WHAT IS EXPECTED =>
Omit all pictures, then print the entries exactly.

Dataset items
Segment Open
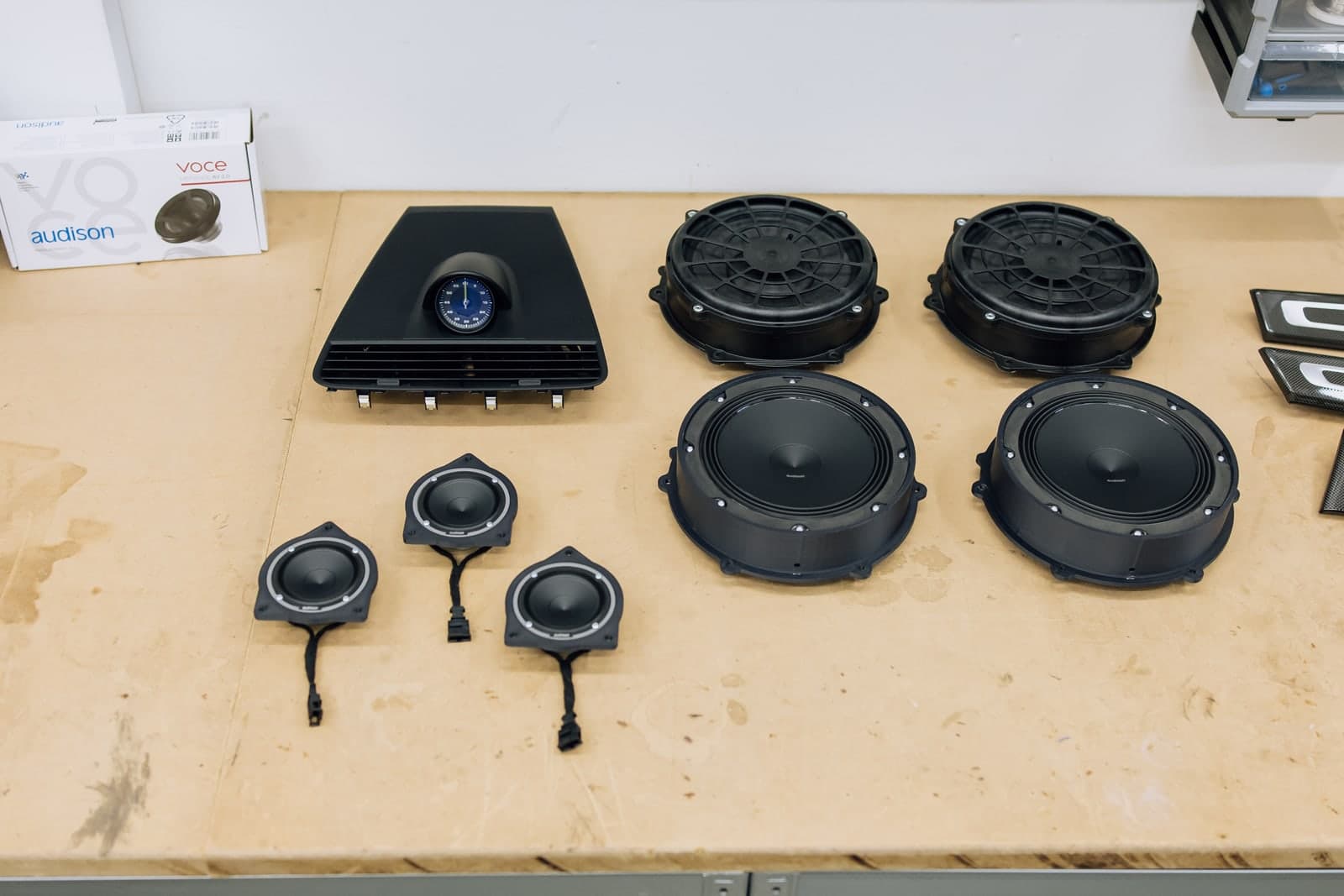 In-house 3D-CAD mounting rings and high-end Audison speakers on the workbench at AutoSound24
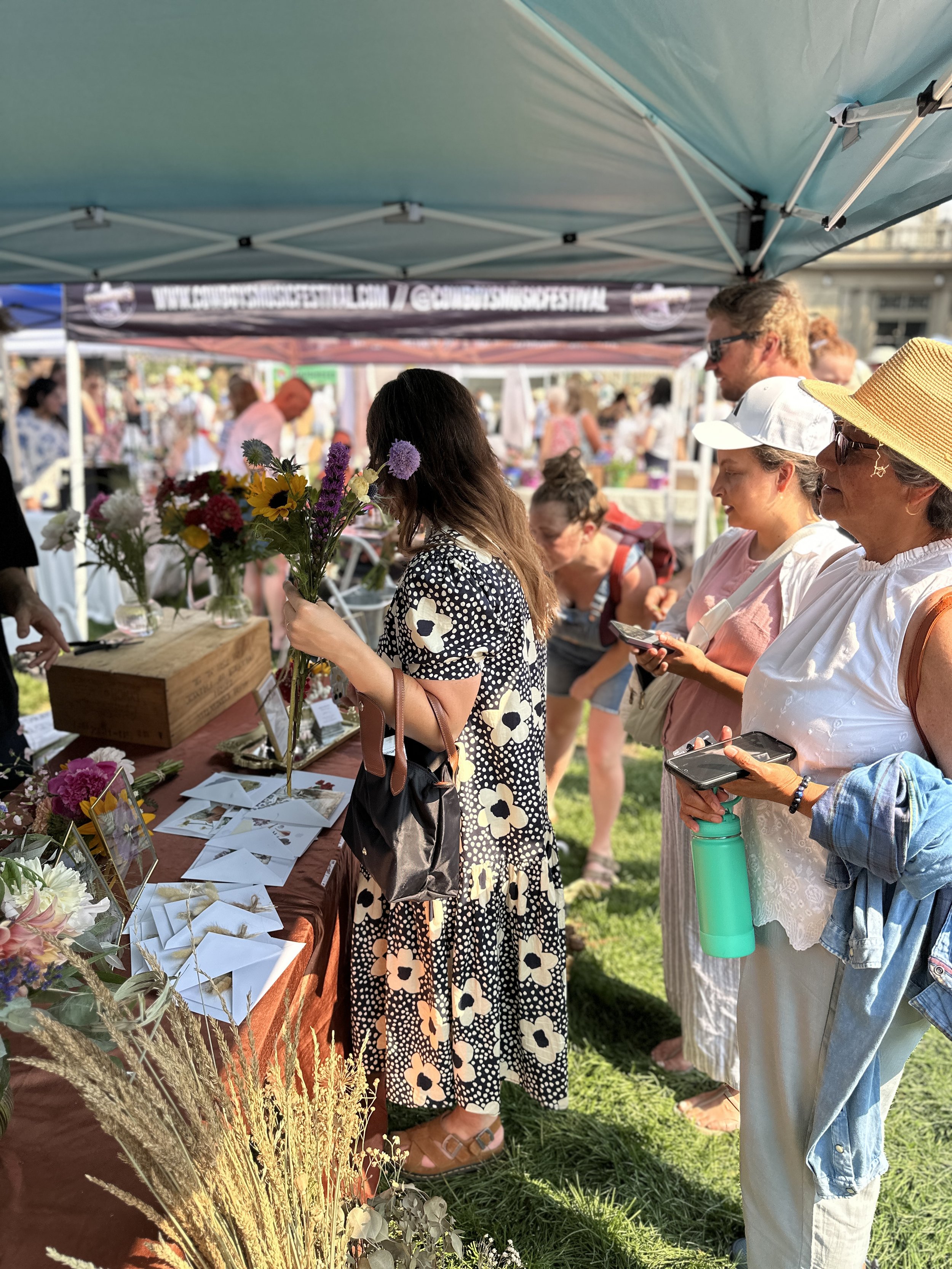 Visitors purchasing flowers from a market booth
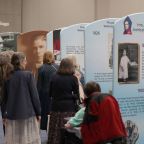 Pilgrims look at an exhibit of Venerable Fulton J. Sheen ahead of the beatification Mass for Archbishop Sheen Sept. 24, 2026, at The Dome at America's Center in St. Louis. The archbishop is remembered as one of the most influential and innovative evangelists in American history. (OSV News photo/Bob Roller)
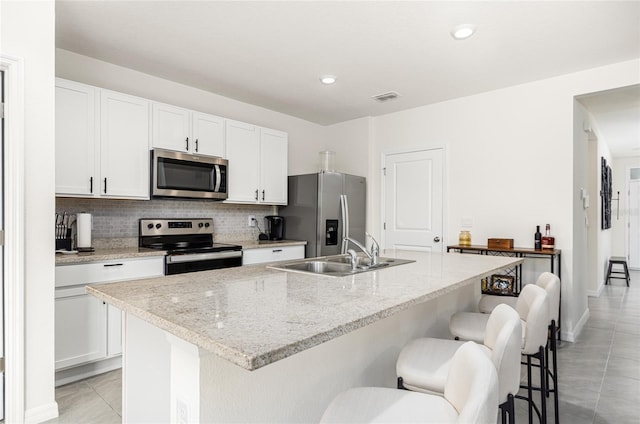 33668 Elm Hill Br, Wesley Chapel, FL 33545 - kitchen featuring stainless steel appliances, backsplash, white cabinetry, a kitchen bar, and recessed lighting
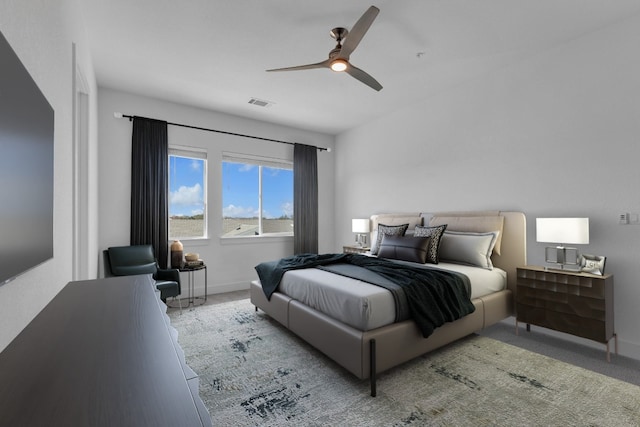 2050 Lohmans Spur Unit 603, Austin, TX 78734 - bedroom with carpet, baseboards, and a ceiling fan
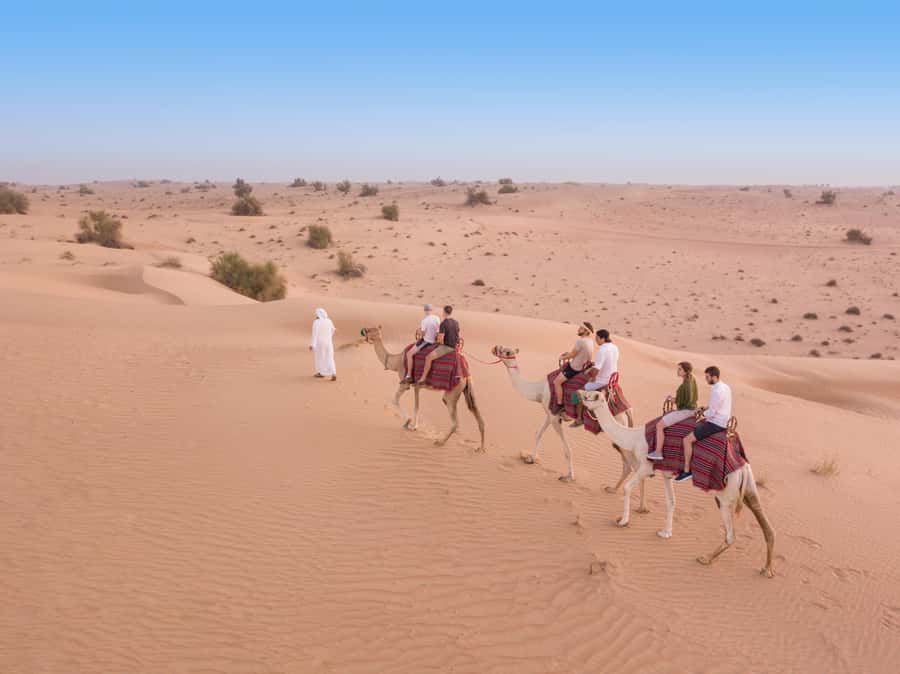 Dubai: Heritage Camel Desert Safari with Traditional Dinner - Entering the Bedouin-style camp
Segment Closed
EXERCISE ANSWER =>
 In-house 3D-CAD mounting rings and high-end Audison speakers on the workbench at AutoSound24
 Visitors purchasing flowers from a market booth
 Pilgrims look at an exhibit of Venerable Fulton J. Sheen ahead of the beatification Mass for Archbishop Sheen Sept. 24, 2026, at The Dome at America's Center in St. Louis. The archbishop is remembered as one of the most influential and innovative evangelists in American history. (OSV News photo/Bob Roller)
 33668 Elm Hill Br, Wesley Chapel, FL 33545 - kitchen featuring stainless steel appliances, backsplash, white cabinetry, a kitchen bar, and recessed lighting
 2050 Lohmans Spur Unit 603, Austin, TX 78734 - bedroom with carpet, baseboards, and a ceiling fan
 Dubai: Heritage Camel Desert Safari with Traditional Dinner - Entering the Bedouin-style camp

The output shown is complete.